As invasões ocorrem como represália a uma operação que pretende combater o garimpo ilegal de ouro no Rio Madeira, feita pelo Ibama, Instituto Chico Mendes de Conservação da Biodiversidade (ICMBio), Marinha, Exército e a Força Nacional. “Na operação, a Agência Humaitá atuou dentro das suas prerrogativas subsidiárias de inspeção naval, com ações voltadas para a segurança da navegação, salvaguarda da vida humana e prevenção da poluição hídrica”, informou a Marinha.
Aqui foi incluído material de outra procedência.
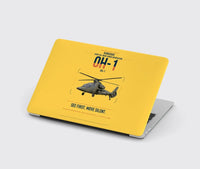 Thumbnail for Kawasaki OH-1 design on yellow MacBook case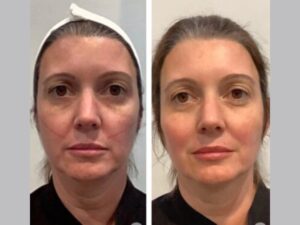 Best Plastic Surgeons in Dubai: Thread Lift with Personalized Facial Rejuvenation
Na sexta, unidades do Ibama e do ICMBio em Humaitá foram atacadas e destruídas também pelos manifestantes. Além do ataque às estruturas dos órgãos públicos, servidores foram ameaçados e buscaram abrigo em um batalhão do Exército no município. De acordo com o Ibama, os servidores estão bem e se encontram em local seguro, fora do município de Humaitá. “Os danos materiais serão avaliados assim que a região voltar à normalidade, o que deverá ser garantido pelas forças de segurança pública. A Polícia Federal (PF) já iniciou investigações para identificar os responsáveis pelos atentados, que responderão pelos atos criminosos”, informou o órgão, em nota.

 


MARINHA DO BRASIL

COMANDO DO 9º DISTRITO NAVAL

Manaus, em 29 de outubro de 2017.

Nota à Imprensa

A Marinha do Brasil, por intermédio do Comando do 9° Distrito Naval (Com9ºDN), informa que, na tarde de sexta-feira (27), manifestantes tentaram invadir e incendiar a sede da Agência Fluvial de Humaitá (AgHumaitá). A ação foi contida pelos militares da Marinha com o apoio do Exército e da Polícia Militar do Amazonas.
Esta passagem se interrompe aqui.